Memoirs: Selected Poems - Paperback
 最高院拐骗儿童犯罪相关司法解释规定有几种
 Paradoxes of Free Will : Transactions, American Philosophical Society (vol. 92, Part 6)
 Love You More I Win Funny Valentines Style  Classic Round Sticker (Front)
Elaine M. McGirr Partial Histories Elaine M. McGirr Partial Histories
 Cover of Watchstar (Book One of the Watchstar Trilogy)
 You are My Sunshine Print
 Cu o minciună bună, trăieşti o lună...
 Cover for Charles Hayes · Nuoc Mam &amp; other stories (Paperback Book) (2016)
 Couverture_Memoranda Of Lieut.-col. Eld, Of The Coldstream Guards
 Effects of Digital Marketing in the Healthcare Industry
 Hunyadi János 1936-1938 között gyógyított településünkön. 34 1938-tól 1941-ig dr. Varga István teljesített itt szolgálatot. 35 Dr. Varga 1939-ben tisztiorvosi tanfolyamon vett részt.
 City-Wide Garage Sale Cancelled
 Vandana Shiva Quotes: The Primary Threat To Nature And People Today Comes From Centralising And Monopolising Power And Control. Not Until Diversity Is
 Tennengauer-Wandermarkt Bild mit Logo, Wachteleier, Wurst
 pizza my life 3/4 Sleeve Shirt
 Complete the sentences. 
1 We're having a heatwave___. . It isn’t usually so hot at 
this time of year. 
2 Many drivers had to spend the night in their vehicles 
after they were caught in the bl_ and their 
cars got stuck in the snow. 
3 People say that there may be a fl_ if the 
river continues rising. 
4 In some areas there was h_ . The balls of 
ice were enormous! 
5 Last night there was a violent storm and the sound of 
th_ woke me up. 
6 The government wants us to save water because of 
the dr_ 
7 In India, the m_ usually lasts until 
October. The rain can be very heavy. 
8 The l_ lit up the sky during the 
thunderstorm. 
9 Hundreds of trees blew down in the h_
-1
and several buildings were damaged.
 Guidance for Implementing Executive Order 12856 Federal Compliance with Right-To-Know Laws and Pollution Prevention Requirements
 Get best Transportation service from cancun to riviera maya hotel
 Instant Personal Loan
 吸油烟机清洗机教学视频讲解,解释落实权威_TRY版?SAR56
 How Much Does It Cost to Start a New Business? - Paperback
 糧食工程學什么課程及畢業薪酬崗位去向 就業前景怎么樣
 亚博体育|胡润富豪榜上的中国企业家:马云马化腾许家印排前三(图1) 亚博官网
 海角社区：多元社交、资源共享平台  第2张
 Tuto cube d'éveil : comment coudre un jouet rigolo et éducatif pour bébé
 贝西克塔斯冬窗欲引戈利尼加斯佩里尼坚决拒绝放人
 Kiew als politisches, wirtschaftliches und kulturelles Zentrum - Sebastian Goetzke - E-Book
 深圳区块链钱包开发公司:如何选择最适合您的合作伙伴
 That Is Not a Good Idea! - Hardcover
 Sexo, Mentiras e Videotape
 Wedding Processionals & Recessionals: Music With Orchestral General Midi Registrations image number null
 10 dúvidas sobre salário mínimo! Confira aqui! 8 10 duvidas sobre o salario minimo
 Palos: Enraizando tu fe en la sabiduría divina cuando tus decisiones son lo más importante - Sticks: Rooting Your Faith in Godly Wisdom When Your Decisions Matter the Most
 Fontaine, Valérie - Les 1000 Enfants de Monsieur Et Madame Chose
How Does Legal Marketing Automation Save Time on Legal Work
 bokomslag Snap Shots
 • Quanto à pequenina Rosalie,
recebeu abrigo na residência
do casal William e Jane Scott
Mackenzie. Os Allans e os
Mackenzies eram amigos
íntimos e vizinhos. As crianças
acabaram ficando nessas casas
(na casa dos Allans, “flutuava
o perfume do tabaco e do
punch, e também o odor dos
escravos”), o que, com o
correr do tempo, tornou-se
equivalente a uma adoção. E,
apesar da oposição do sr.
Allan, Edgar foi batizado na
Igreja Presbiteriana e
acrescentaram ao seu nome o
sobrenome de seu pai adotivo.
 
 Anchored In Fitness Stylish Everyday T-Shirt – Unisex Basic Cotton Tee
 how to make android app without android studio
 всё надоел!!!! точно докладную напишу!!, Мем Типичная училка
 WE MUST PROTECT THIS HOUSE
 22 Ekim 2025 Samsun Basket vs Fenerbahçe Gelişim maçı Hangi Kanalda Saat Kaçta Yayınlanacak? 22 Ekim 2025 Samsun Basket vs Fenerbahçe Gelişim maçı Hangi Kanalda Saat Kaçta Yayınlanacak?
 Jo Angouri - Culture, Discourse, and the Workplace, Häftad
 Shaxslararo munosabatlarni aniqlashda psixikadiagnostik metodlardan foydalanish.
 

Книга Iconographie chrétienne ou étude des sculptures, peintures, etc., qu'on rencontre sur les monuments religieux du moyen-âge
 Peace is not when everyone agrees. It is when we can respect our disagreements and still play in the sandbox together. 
--
- **What you will do**: Please return each line of the listing above that contains "Shirt".

- **Worked solution**:
 pizza my life 3/4 Sleeve Shirt
 Anchored In Fitness Stylish Everyday T-Shirt – Unisex Basic Cotton Tee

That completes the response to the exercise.